Depois, como estava próxima, fui à Fundação José Saramago. Para minha surpresa estava fechada. Pelos vistos fecha aos domingos. Para a “Presidenta” Pilar que está sempre a reclamar de tudo, era óptimo que explicasse a lógica de fechar a fundação ao domingo, quando os que trabalham durante a semana não o podem fazer... Sem querer estragar o meu dia que estava a ser perfeito, encontrei a felicidade mesmo ao lado. Almoço:caracóis, sardinhas, uma salada, uma imperial e uma coca-cola na esplanada do “Solar dos bicos”. E ainda estive a avançar a leitura da biografia da Clarice Lispector. 
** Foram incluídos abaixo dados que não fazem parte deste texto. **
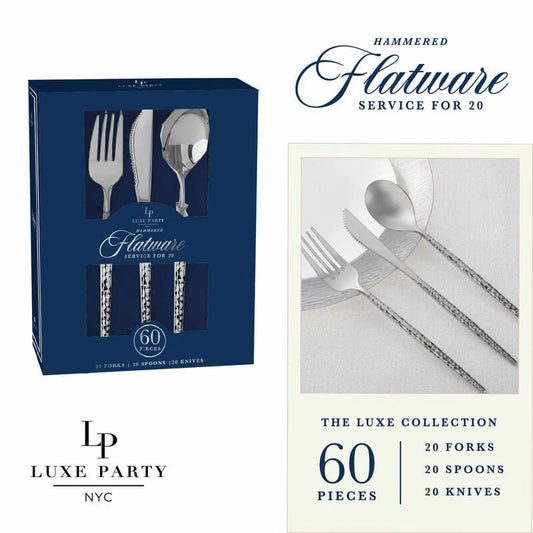Luxe Party NYC Matrix Hammered Silver Plastic Cutlery Set | 60 Pieces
A meio da tarde, para desgastar, segui pela Praça do Comércio em direcção à Rua do Alecrim, não tão íngreme como a Bica... Depois segui pela Rua da Misericórdia até ao Miradouro São Pedro de Alcântara, que juntamente com o Miradouro de Santa Catarina e a Graça,  é de tirar a respiração.  É quase de desmaiar de tão lindo! Segui até ao Príncipe Real onde me estiquei na relva. Em Braga, os jardins são para olhar e não para usar. Este não, toda a gente deitada nos jardins! E eu que só podia fazer isso em casa dos meus avós, tirei a barriga de misérias e estive ali a olhar para o céu, a ver as nuvens passar devagarinho, a ouvir as crianças a jogar à bola, os gritos das correrias, casais de namorados (as) a ler e a aproveitar o sol, esplanadas cheias, velhinhos nos bancos do jardim, a olhar as palmeiras e outras árvores que não sei o nome. Aproveitei para mais leitura e até ao último minuto porque queria que este dia demorasse mais a acabar.
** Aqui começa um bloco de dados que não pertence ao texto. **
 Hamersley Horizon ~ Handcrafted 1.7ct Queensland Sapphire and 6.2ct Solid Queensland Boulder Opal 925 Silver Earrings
sexta-feira, 5 de abril de 2013

Clarice Lispector - A hora da Estrela

Hoje abre a exposição "A hora da Estrela" na Fundação Calouste Gulbenkian sobre a obra e vida de Clarice Lispector, no ano que passam 35 anos desde a sua morte. Deixo aqui um vídeo de «uma canção que Caetano Veloso escreveu baseado num livro de Clarice Lispector "A hora da Estrela. Essa canção fala da chegada da Macabé que é a personagem central do livro. O impacto que ela sofre chegando npo Rio de Janeiro e olhando os contrastes e enfim...Quando eu cheguei no Rio de Janeiro tive mais ou menos a mesma sensação da Macabé, achei isso interessante, engraçado porque a Macabé é alguém que chega no Rio de Janeiro vinda do norte. E eu cheguei do sul e era muito parecida à chegada. A canção se chama "Nome da cidade"...».